Unter dem Titel „Brüche und Brücken“ wird in diesem neuen Buch die spannende Frage nach dem Kulturtransfer im Alpenraum verfolgt. Die Publikation geht auf eine Ringvorlesung der Universität Innsbruck zurück, die nicht nur im akademischen Raum, sondern auch beim Innsbrucker Stadtpublikum auf lebhaftes Interesse stieß, so daß man sich entschloß, die Vorträge in Buchform einem breiteren Publikum vorzustellen.

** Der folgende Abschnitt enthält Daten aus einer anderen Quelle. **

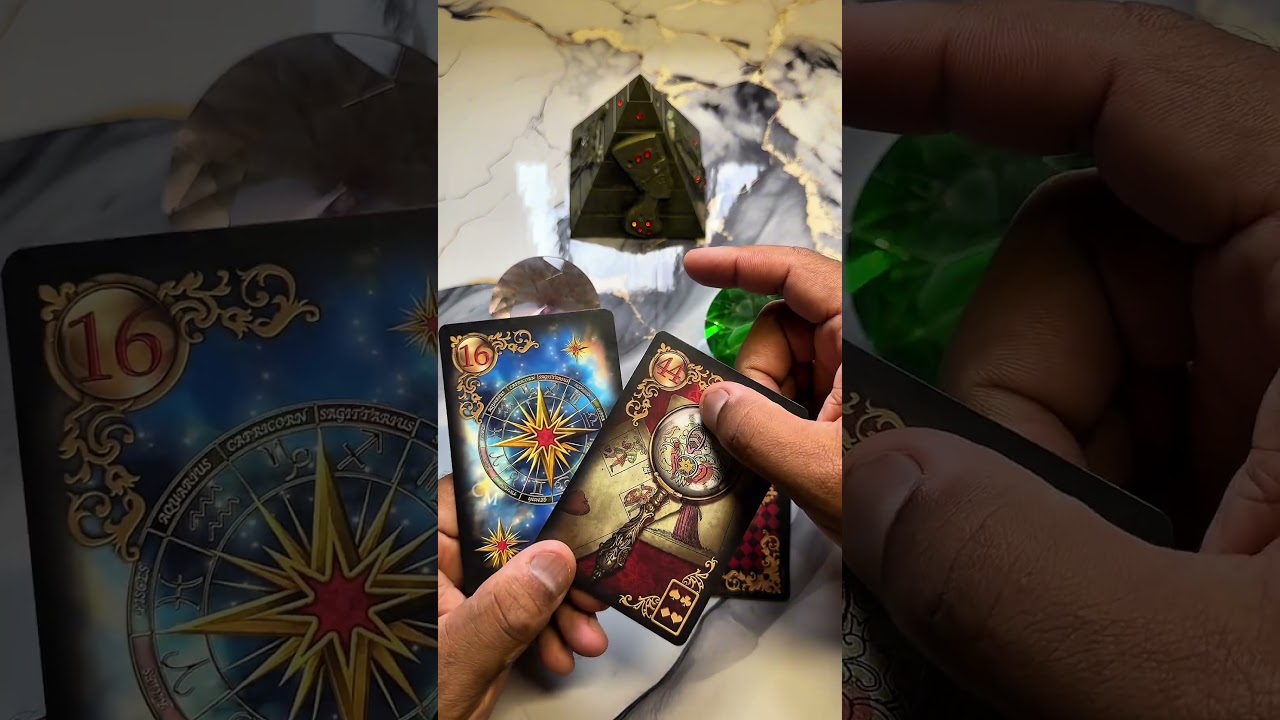Read more about the article Você deve seguir a sua intuição? #tarot #tarotonline #tarothoje #tarotamor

Die 22 Aufsätze dieses Bandes sind fast alle auch von Nicht-Fachleuten gut zu lesen (dies ist keineswegs selbstverständlich und verdankt sich dem Engagement des Verlagslektorats) und betrachten das Thema aus den verschieden-sten Perspektiven. So gibt es Beiträge über den Feuersteinhandel, die Wanderschäferei, Fernfahrer und Händler in der Antike, herrschaftliches Reisen in der frühen Neuzeit, lateinische Literatur, Tanzkultur, Sprachgeschichte oder regionale Literatur im 20. Jahrhundert. Die Beiträge beziehen sich meist auf den Raum Tirol/Südtirol, gehen aber manchmal auch darüber hinaus.
Auch wenn eine solche „bunte Mischung“ durchaus anregend sein kann, so überwiegen doch die Nachteile: Erstens gibt es weder eine allgemeine Einführung noch eine Synthese am Schluß, so daß die einzelnen Beiträge unverbunden nebeneinanderstehen. Dies ist ärgerlich, weil die im Vorwort genannten Leitfragen – Sind die Alpen Barriere oder Scharnier in Europa, und gibt es hier überhaupt noch Neues zu erforschen? – so allgemein sind, daß sie keinen „roten Faden“ für das Buch ergeben.
Zweitens handelt es sich um eine Ringvorlesung der Geisteswissenschaftler; dadurch fehlen zahlreiche Fächer, die man zu dieser Thematik selbstverständlich erwartet (Geographie, Wirtschaft, Sozialwissenschaften, Politik), und dadurch wird die im Untertitel genannte „Gegenwart“ nur äußerst knapp behandelt.
Drittens stellen die Geisteswissenschaftler ihre Forschungsergebnisse vor. Das bedeutet, daß Überblicks- und Orientierungsdarstellungen – für Laien besonders interessant – fehlen. Fast immer dominieren Spezialthemen, bei denen man sich manchmal fragt, ob sie wirklich für ein „breiteres Publikum“ interessant sind. Entstanden ist so ein Zwitter, der für Laien zu speziell und für Fachleute zu allgemein ist. Schade.